Davis resists labeling deconstruction as a simple textual methodology--but I think her discussion of close reading and the encounter with an aporia comes close to framing deconstruction as a method, albeit a "choratic" one (to use Hawk and Rickert's term). In other words, Davis' framing of deconstruction marks it as a fluid form of approach that cannot--and does not aim to--guarantee a certain result. Davis stresses: "Thinking is not knowing."
I tend to think of deconstruction in more spiritual terms--that it becomes a spirit for navigating the world (and not just reading texts). Like Davis, I am drawn to the notion of undecidability. In my grad class this week, I contrasted Augustine and Plato against Lanham's notion of "strong" rhetoric, McComiskey relativist, Consigny's anti-foundational, and Jarratt's materialist explications of sophistry. On the one side, Truth is derived through a certain methodology (biblical hermeneutics, dialectic) and then transformed by rhetoric (audience analysis, arrangement, style, delivery). On the other side, truth is something produced through what Lanham calls social dramas, it cannot be decided in advance and cannot be considered "certain" (although, Lanham stresses, this does not mean it is either arbitrary or trivial--human dramas set the bounds of existence).
To get to the second, "strong" rhetoric, one must operate within an uncertain, undecidable metaphysic. This is why I am particularly drawn to Levinas, since his metaphysic incorporates a relation to transcendence that neither eliminates the possibility of transcendence (as people like Lanham and, more recently, Latour have done) nor insists upon its certainty. God as enigma, perpetual, perpetuating question--Levinas's phenomenological ethics do not seek to produce a knowledge (or a method of knowledge) as much as what Aristotle might call a disposition (what Aristotle marks as the first part of a rhetorical performance that sets the mood): how does one act in the shadow of a perpetual, unanswerable question? Tentatively.

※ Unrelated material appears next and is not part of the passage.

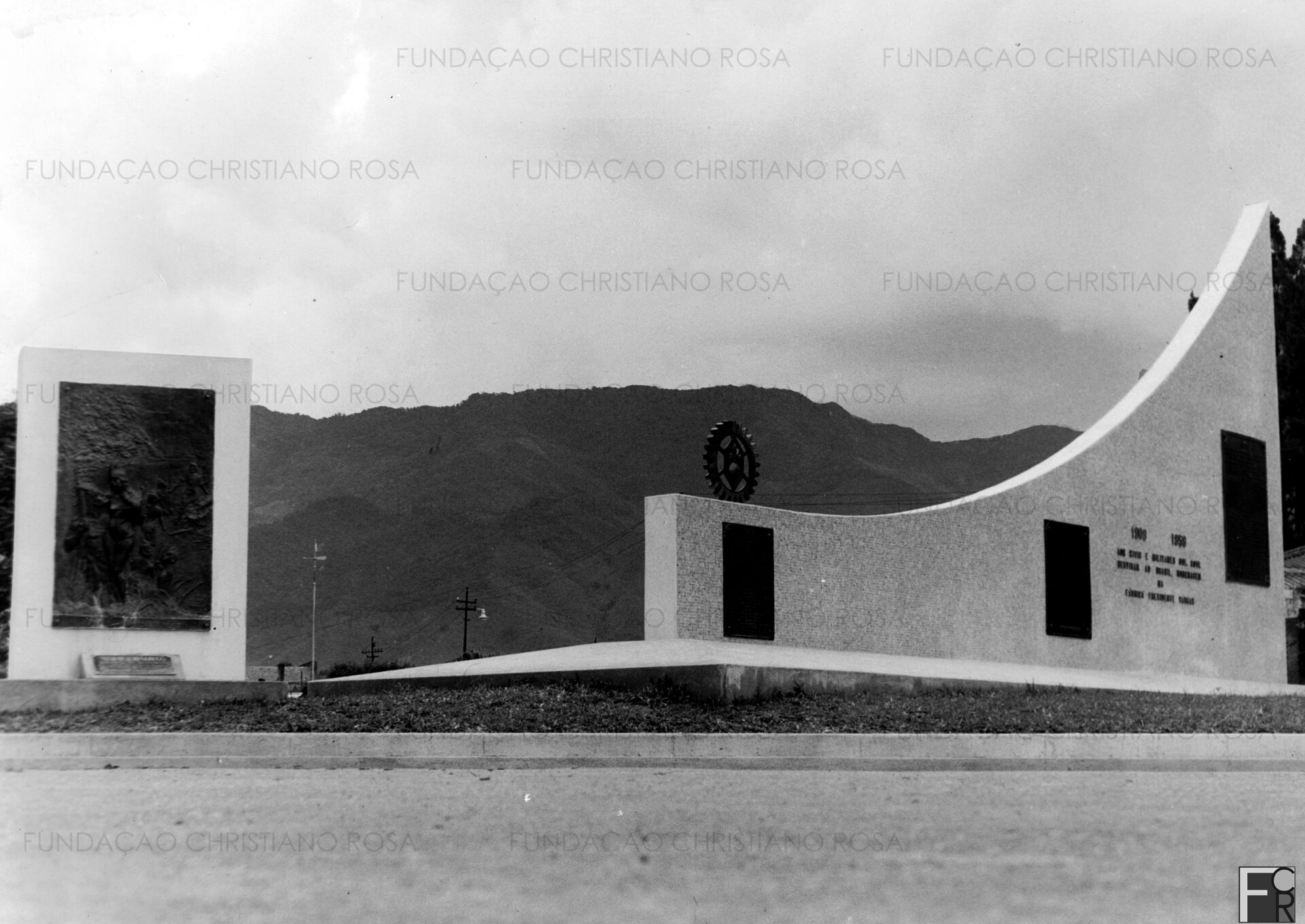 O Marco do Cinquentenário da FPV, inaugurado em 15 de março de 1959. Ao lado, a obra "Caramuru", do artista plástico Antônio César Dória, instalado em base inaugurada no mesmo dia. Foto de 15 de março de 1959.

Of course, to those of an absolute foundationalist position, Levinas's appreciation for uncertainty might seem heretical. I do not think, in other words, that Levinas presents us with a solution to the problem of transcendence, faith and politics. But I do think, by acknowledging the transcendental as a question, he contributes to our understanding of the intellectual and political, philosophical/scientific and humanit(ies)(arian), right and might divides that Latour argues plagues our contemporary moment.